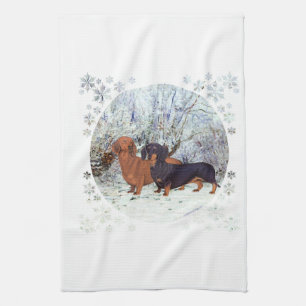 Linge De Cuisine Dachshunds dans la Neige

--*--

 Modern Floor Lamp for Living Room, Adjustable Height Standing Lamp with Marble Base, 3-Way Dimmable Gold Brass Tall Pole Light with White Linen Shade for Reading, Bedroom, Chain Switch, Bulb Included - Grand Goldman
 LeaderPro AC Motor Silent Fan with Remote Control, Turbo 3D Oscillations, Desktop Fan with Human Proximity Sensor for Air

--*--

• _TASK_
Lines holding the word "with" in the entries above are the ones to pull out. Copy them all.

• _EXERCISE OUTPUT_
 Modern Floor Lamp for Living Room, Adjustable Height Standing Lamp with Marble Base, 3-Way Dimmable Gold Brass Tall Pole Light with White Linen Shade for Reading, Bedroom, Chain Switch, Bulb Included - Grand Goldman
 LeaderPro AC Motor Silent Fan with Remote Control, Turbo 3D Oscillations, Desktop Fan with Human Proximity Sensor for Air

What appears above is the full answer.